Wiadomo jednak, że niektórzy dłużnicy kombinują. Kto myśli, że są nimi jedynie ci, którzy nie mają pieniędzy, ten się myli. Wśród tych, którzy zalegają z oddawaniem rat oraz innymi opłatami, są osoby, które posiadają oszczędności, lecz ich nie ruszają. Brak etyki tutaj się kłania.
- Jedni nie płacą, bo wpadli w kłopoty z przyczyn od siebie niezależnych. Inni zadłużyli się ponad miarę przez brak rozsądku, ale są też tacy, którzy mają pieniądze, ale nie płacą, bo wolą żyć na koszt innych. Taka postawa nie jest akceptowana przez większość społeczeństwa – zaznacza Jakub Kostecki, prezes firmy windykacyjnej Kaczmarski Inkasso.
Osoby, które nie regulują swoich zobowiązań, chociaż mają pieniądze, nie zasługują na szacunek - tak wskazuje prawie połowa (45 proc.) respondentów, którzy wzięli udział w październikowym badaniu Krajowego Rejestru Długów Biura Informacji Gospodarczej "Postawy Polaków wobec dłużników". W tej grupie przeważają mężczyźni, osoby starsze, te z wykształceniem wyższym, a także mieszkańcy większych miast. 25 proc. badanych uzależnia natomiast swoje zdanie w tej sprawie od przyczyn powstania długu.

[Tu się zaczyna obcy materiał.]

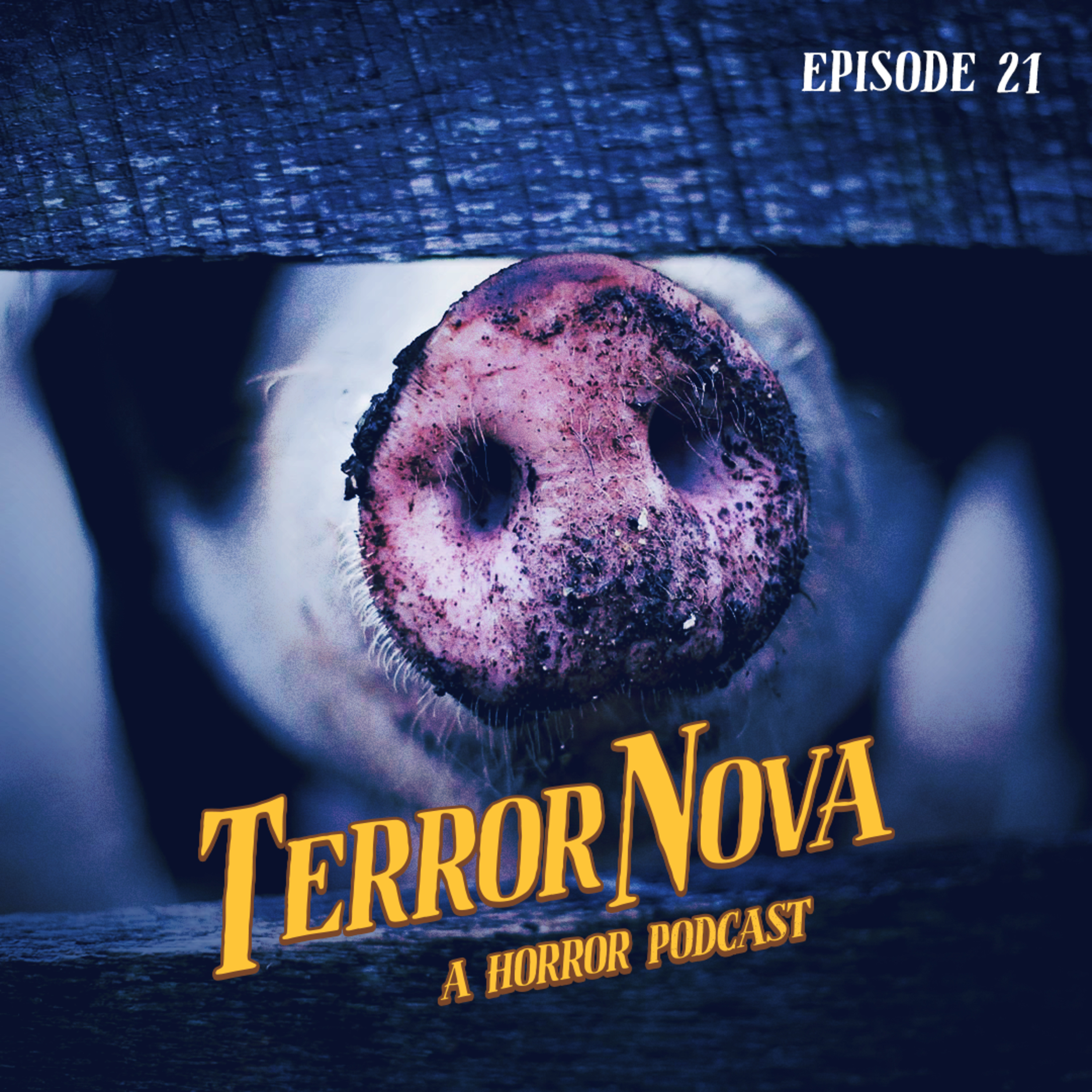 TerrorNova: A Horror Podcast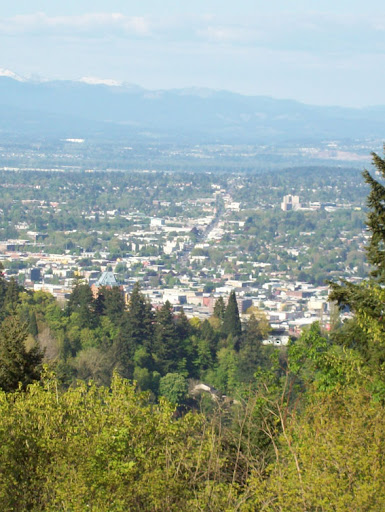 Sandy Boulevard from Council Crest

"Nie chcę widzieć tego dłużnika"
Autorzy badania wskazują jeszcze: - O ile starsi respondenci z większych miast nie darzą szacunkiem takich dłużników, o tyle młodzi z małych miast przede wszystkim nie chcą ich widzieć w swoim otoczeniu. 44 proc. ankietowanych przyznaje, że przeszkadza im obecność takiej osoby w rodzinie lub w grupie znajomych. Jedynie 13 proc. respondentów nie przejmuje się tym, że w ich pobliżu znajduje się osoba niepłacąca swoich zobowiązań, pomimo że posiada pieniądze. Co 4. dorosły Polak uzależnia swoje zdanie w tej kwestii od poznania przyczyn zadłużenia takiej osoby.
Według 45 proc. respondentów etyka i odpowiedzialność finansowa to kwestie indywidualne, a nie pokoleniowe. - Nie można więc uznać, że jakaś grupa częściej nie spłaca swojego zadłużenia, mimo że posiada pieniądze - podkreślają autorzy analizy. - W opozycji do nich stoi ponad połowa Polaków (55 proc.). Ta uważa, że istnieje związek między wiekiem a regulowaniem zobowiązań finansowych.